Data shown ::
■ ■ ■ ■ ■

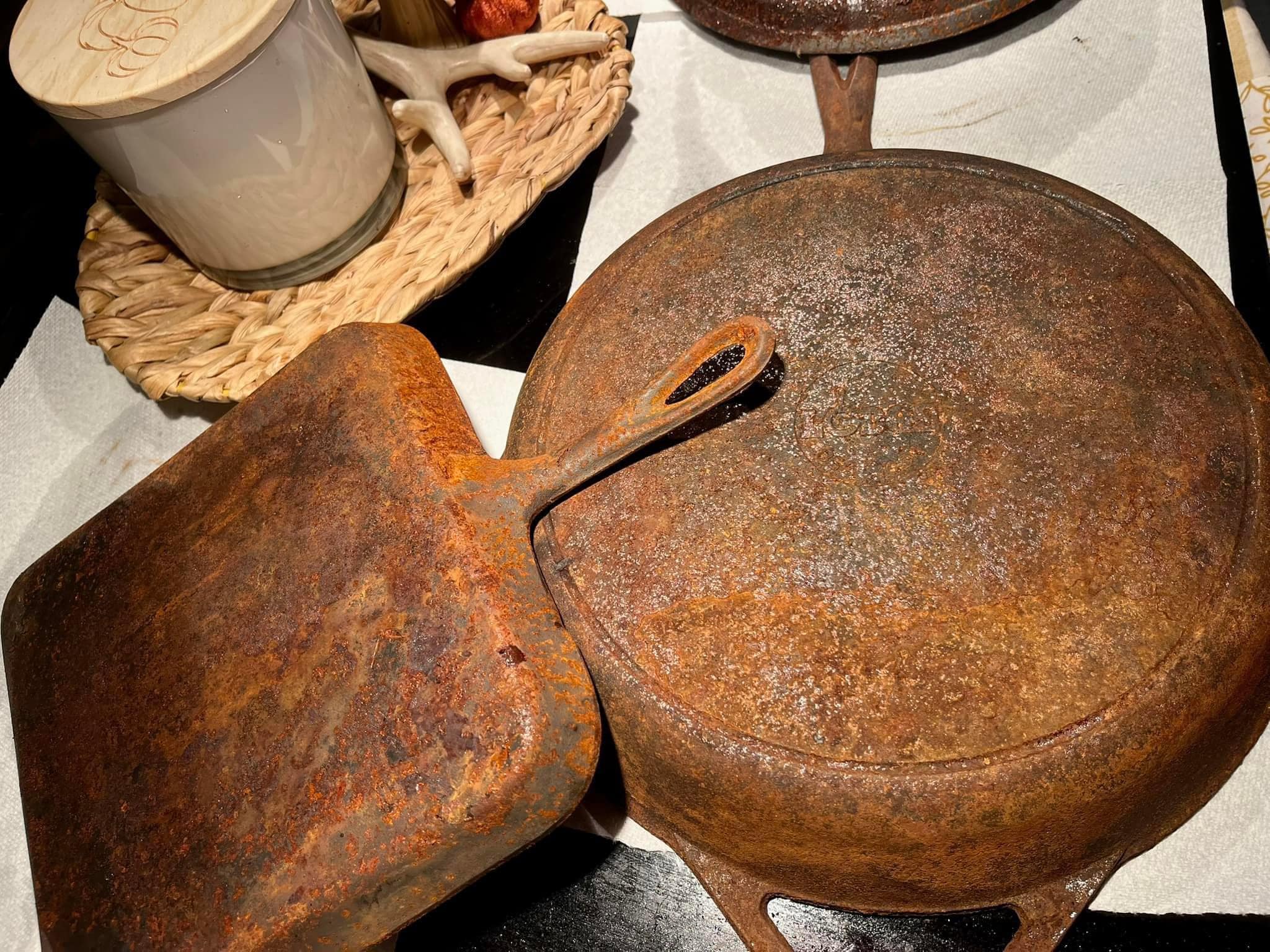 Heavily rusted vintage cast iron pans before cleaning process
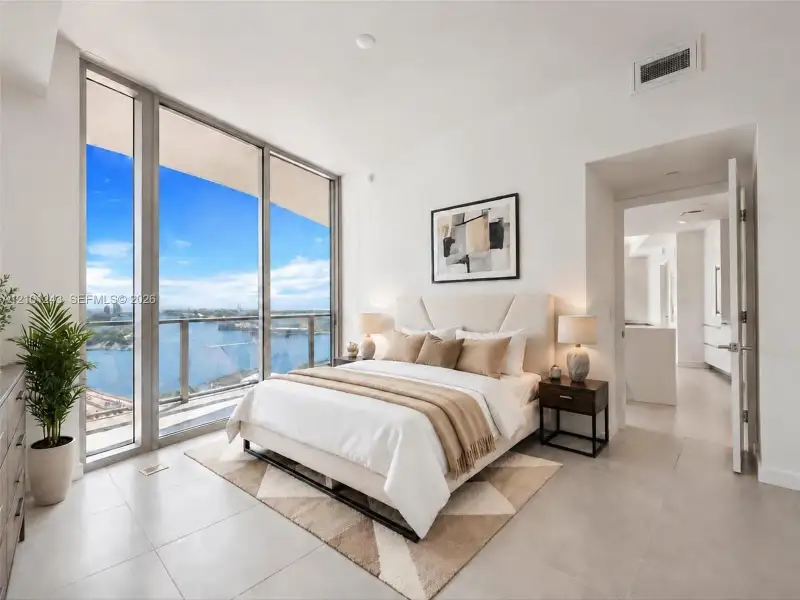 Floor-to-ceiling windows, porcelain tile flooring, and integrated balcony access featuring metal and glass railing Floor-to-ceiling windows, porcelain tile flooring, and integrated balcony access featuring metal and glass railing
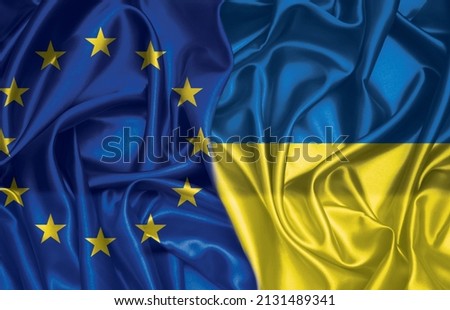 European union and Ukraine two folded silk flags together Royalty-Free Stock Photo #2131489341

■ ■ ■ ■ ■

Task goal ::
Here the job is to print all the data exactly, skipping any image.

Result ::
 Heavily rusted vintage cast iron pans before cleaning process
 Floor-to-ceiling windows, porcelain tile flooring, and integrated balcony access featuring metal and glass railing Floor-to-ceiling windows, porcelain tile flooring, and integrated balcony access featuring metal and glass railing
 European union and Ukraine two folded silk flags together Royalty-Free Stock Photo #2131489341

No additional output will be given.